There's a lot of photos..  so I'll add them a few at a time.. You'll be able to gauge the size of the nativity by the people viewing on the edge.. 

I took these pictures a few years ago using my old fuji finepix  camera and not my Iphone, so they're not quite as sharp as they would be using my phone.. ..Enjoy...


----------



## hollydolly (Dec 20, 2021)




----------



## hollydolly (Dec 20, 2021)




----------



## hollydolly (Dec 20, 2021)




----------



## hollydolly (Dec 20, 2021)




----------



## hollydolly (Dec 20, 2021)




----------



## hollydolly (Dec 20, 2021)

More later....


----------



## Jace (Dec 21, 2021)

hollydolly said:


> More later....


T Y, HD.... magnificent!
(Glad you did for all new... [like me] )


----------



## palides2021 (Dec 21, 2021)

hollydolly said:


> I've posted these before in previous years, but not since we changed over forums, so they might be left behind back there.. so here they are again, for everyone who hasn't seen them and those who liked them before...
> 
> The major town nearest my village coastal home in Spain create a Huge outdoor  nativity scene in the town Church  Square for everyone to visit .. for free It's created by local people and children.. and is just a superb work of art.  It is there for everyone to see, day and night, for about 2 weeks... and fortunately there's very rarely anything but sunshine at Christmas so it doesn't get destroyed by bad weather
> 
> ...


Thank you so much! These photos made my day! Loved them!
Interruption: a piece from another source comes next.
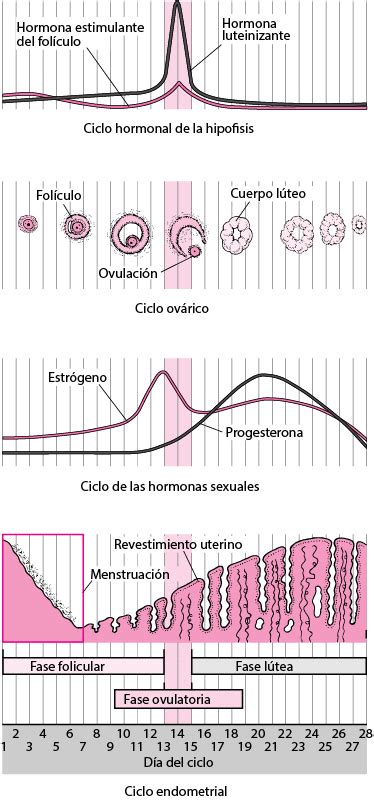 Ciclo Menstrual Salud Femenina Manuale Merck Versión Para El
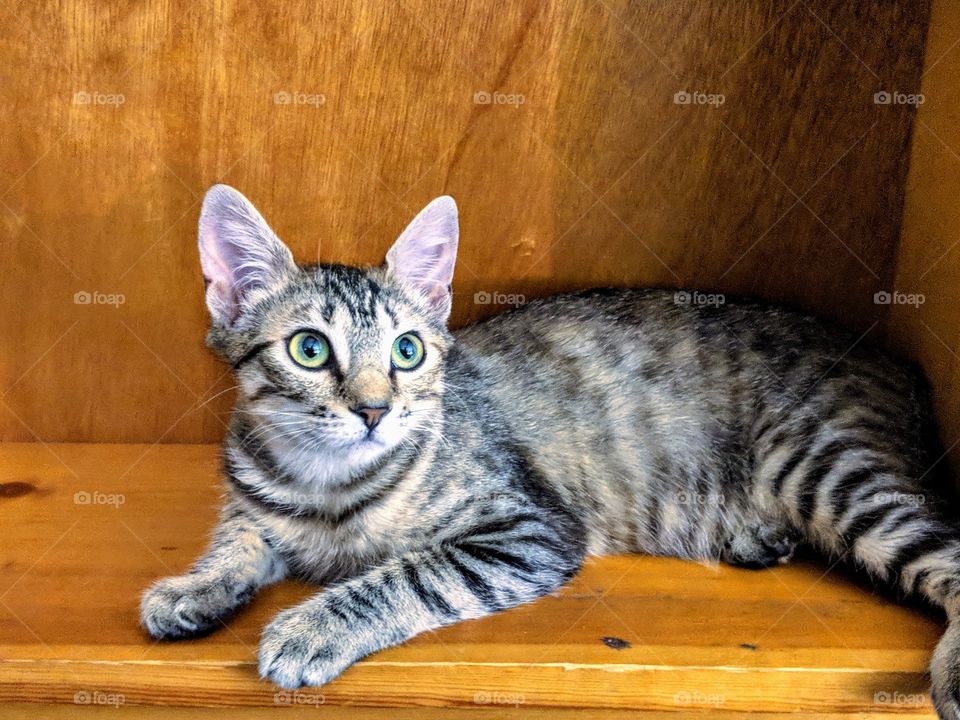 Kitty is a cute little kitten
It was as if I was there!


----------



## hollydolly (Dec 21, 2021)

Thank you everyone for enjoying them, you're very welcome....   

..and a few more... if you can bear it.. incidentally these pics were taken over a couple of Christmases  , so taken at different times of the day..


----------



## hollydolly (Dec 21, 2021)




----------



## hollydolly (Dec 21, 2021)




----------



## RadishRose (Dec 21, 2021)

hollydolly said:


> More later....


I well remember these Holly..... how could I forget and it was wonderful to see them again, thank you!!!!


----------



## hollydolly (Dec 21, 2021)

RadishRose said:


> I well remember these Holly..... how could I forget and it was wonderful to see them again, thank you!!!!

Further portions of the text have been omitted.